A Passion to PreserveA Passion to Preserve: Gay Men as Keepers of Culture
by Will Fellows
University of Wisconsin Press.
280 pages, $30.

 

 

 


Steve: We don’t have children.

Adam: We have taste.
— Paul Rudnick,
The Most Fabulous Story Ever Told

 

WILL FELLOWS’ A Passion to Preserve is really two books. One looks at living gay men who have devoted their lives to restoring and preserving old houses and other American antiquities. The other documents some similar men who did the same sort of work in the late 1800’s and early 1900’s. Much of the contemporary material consists of oral histories in the manner of Fellows’ earlier book, Farm Boys (1996), and is fascinating to read.

A Passion to Preserve is national in its scope, with its material grouped by region starting in the Northeast and moving clockwise around the United States before moving down the Mississippi to New Orleans.

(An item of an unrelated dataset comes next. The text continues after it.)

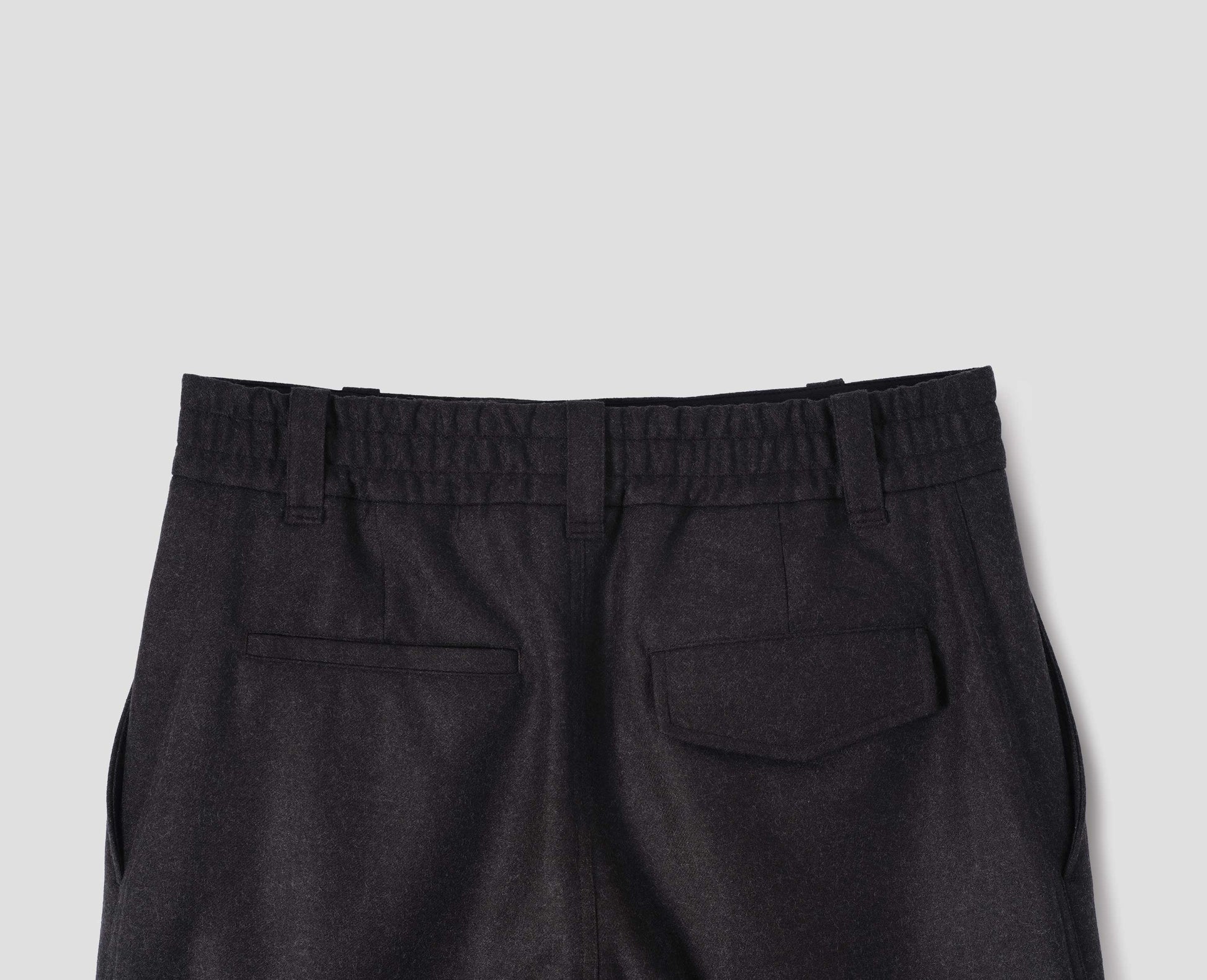 Brown wool trousers, with half elasticated waistband, belt loops and welt and concealed button fastening flap back pockets. Back flat lay view.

Fellows’ subjects are a varied lot. Some fit the stereotype that Fellows would lead you to expect: nice young men looking for a fixer-upper to fill with antiques and turn into a bed and breakfast; or Scarlett O’Hara wannabes who want to restore the lost glories of Tara. Some collect old typewriters, “found” photographs, player pianos, or vintage washing machines. But there are also men like Dana Duppler, who appreciates “the common, utilitarian structures built by average people who didn’t have a lot of money” and thinks that “historic preservations should cover a broader field than just the wealthiest five per cent of the population.”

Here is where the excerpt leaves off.